Von Tracy Atkins, Gründer von BookDesigner.ai und BookDesignTemplates.com · Über 15 Jahre Druckdateien, über 70 000 Autoren · Aktualisiert am 9. August 2026

Die kurze Antwort: „sieht selbstverlegt aus“ ist keine große Sache, es sind zehn kleine. Fast alle sind Gewohnheiten, aus einem Textverarbeitungs-Manuskript mitgeschleppt: Einzug plus Leerzeile, kein Bundsteg, Kolumnentitel auf den Kapitelseiten, das Manuskript-Layout als Buch gedruckt, gerade Anführungszeichen, gestrandete Zeilen, Flüsse im Blocksatz, Fantasieschriften für die Kapitel, ein Inhaltsverzeichnis, das nicht passt, und eine Titelei in der falschen Reihenfolge. Jede lässt sich schnell benennen und schnell reparieren. Hier sind sie.
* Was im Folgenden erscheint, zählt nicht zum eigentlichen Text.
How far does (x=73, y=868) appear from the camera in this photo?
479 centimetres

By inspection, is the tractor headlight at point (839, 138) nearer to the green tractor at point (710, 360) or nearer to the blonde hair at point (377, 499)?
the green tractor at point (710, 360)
Leser können nicht immer sagen, warum ein Buch amateurhaft wirkt, aber sie spüren es ab der ersten Seite, und das erodiert das Vertrauen still, noch vor deinem ersten Satz. Gestalter dagegen benennen die Gründe sofort. Hier sind die zehn, die immer wieder auftauchen.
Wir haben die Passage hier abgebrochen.